Elevated glucose, presence of ketones, metabolic acidosis (triad) + dehydration, with absolute or relative insulin deficiency à increase counter regulator hormones à breakdown of fat and muscle.  Not a hyperosmolar state like Hyperglycemic Hyperosmolar State (HHS).

Epidemiology:

  • Most common at onset Type 1 DM, recurrent episodes common
  • Can occur in Type 2 DM.  More often affects young
  • Death can be related to cerebral edema or the precipitating trigger/illness for the DKA.
  • Mortality < 1%, significantly lower than mortality of HHS

 Triggers (The “I’s”):

  • Initial (new onset) disease
  • Insulin omission (adherence, access, absorption)
  • Infection
  • Ischemia (ACS, stroke)
  • Intra-abdominal (pancreatitis, cholecystitis, ischemic bowel, pregnancy)
  • Ingestions (ETOH, substance abuse, meds-steroids, antipsychotics, thiazides, pentamidine)

 Pathophysiology:

  • 3 causes of increased glucose: Gluconeogenesis, Glycogenolysis, Impaired glucose utilization
  • Increase glucose + deficiency of insulin  + stress (trigger) à increases the secretion of glucagon, catecholamines, cortisol, and growth hormone (counter-regulatory hormones) à promotion of lipolysis à increases FFA delivery to the liver à FFA converted by free fatty acyl CoA into ketones

Clinical presentation:

  • Develops over hours to days; not days to weeks, like HHS.   
  • Polyuria, Polydipsia, Polyphagia, Fatigue, Muscle cramps (from Acidosis), Flushed facial appearance, Kussmaul’s respirations and dyspnea (from acidosis) à Nausea and vomiting à Abdominal pain, Dehydration à Hypotension, Shock, Altered consciousness/Coma

Workup:

  • Basic metabolic panel (Mg, phos, calcium), urinary glucose, serum & urine ketones, ABG. 
  • Consider: Infectious workup, CBC, cultures, CXR, urine culture, telemetry, UDS, amylase (can be increased even without pancreatitis), lipase, troponin, EKG, pregnancy test, CT head

Results:

  • Elevated anion gap > 12+ moderate, severe; pH< 7.3
  • Sodium can be low or high depending on degree of water loss
  • Correction of initial low à Sodium 1.6 increase in Na for every 100 increments of glucose over initial 200 mg/dL
  • Presence of urinary ketones (Beta-hydroxybutyrate may not be detected on urine dipsticks)
  • Glucose elevated but usually much lower than HHS
  • Potassium can be high or low.

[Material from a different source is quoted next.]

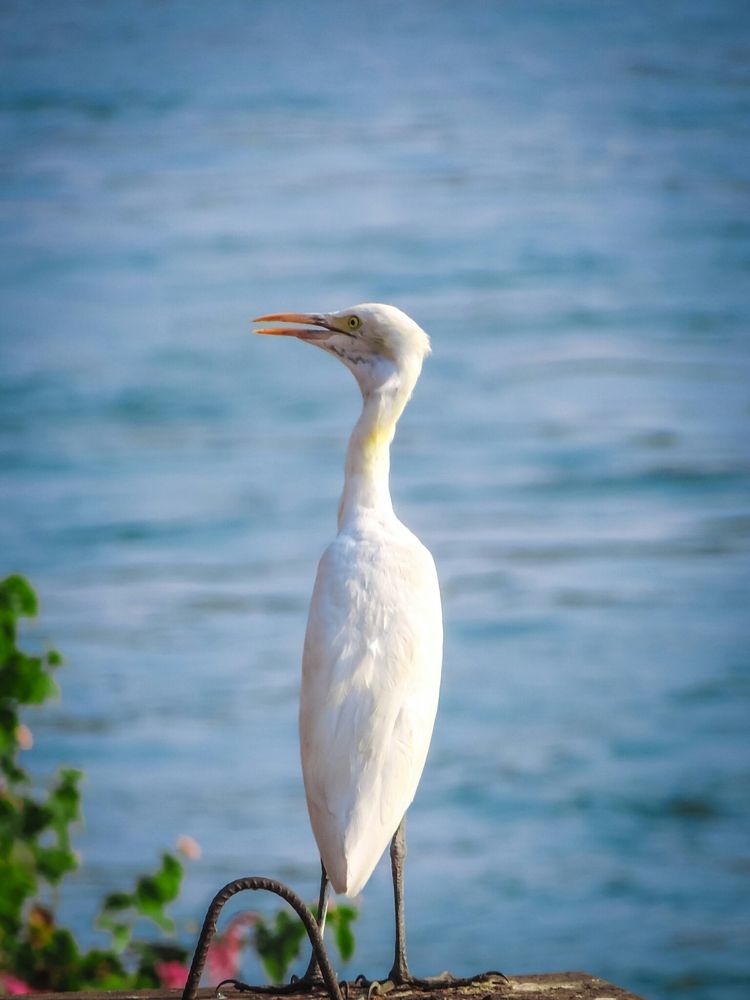 crane godavari river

If presenting K is high, patients are usually still total body K depleted and K rapidly falls as acidosis is corrected.

Treatment:

  • Volume resuscitation: initially IV NS, rate depends on clinical scenario;  change fluids to D5 1/2 NS, when glucose less than 200mg/dL (Fluid deficits usually 5-7 L in DKA compared to HHS 8-10 L)
  • Monitor:  glucose hourly, basic chemistry profile (anion gap), plasma osmolality, and venous pH every two to four hours.  Monitor BP, urine output.
  • Replace electrolytes: Potassium replacement when Potassium < 5.3
    • No routine phosphate replace, unless Phos < 1.0
    • No clear role for HCO3 replace (unless pH<6.9, potassium life threateningly high)
    • Insulin
      • Insulin lowers blood glucose by decreasing hepatic gluconeogenesis and lowers ketones by reducing lipolysis and glucagon release.
      • IV regular insulin: 0.14 units/kg/hour without bolus after fluid resuscitation (or 0.1 units/kg/hour with bolus of 0.1 units/kg), only use SQ if mild DKA.
      • Do not start insulin unless K+ > 3.3- concerns for arrhythmia.  When glucose reaches 200 mg/dL, consider decreasing the insulin infusion rate to 0.02 to 0.05 U/kg per hour
      • When starting SQ insulin, make sure there is clinical improvement and the ability to tolerate oral intake. There should be a 2 hour overlap of IV drip and SQ insulin.

 End point of treatment:

  • Closed gap < 12, BS <200, and subcutaneous insulin already begun
  • Most patients will develop a non-gap acidosis (unless CKD V, ESRD) due to resolving ketoacidosis after gap is closed.
  • Ketonuria may persist for more than 36 hours due to the slower removal of acetone.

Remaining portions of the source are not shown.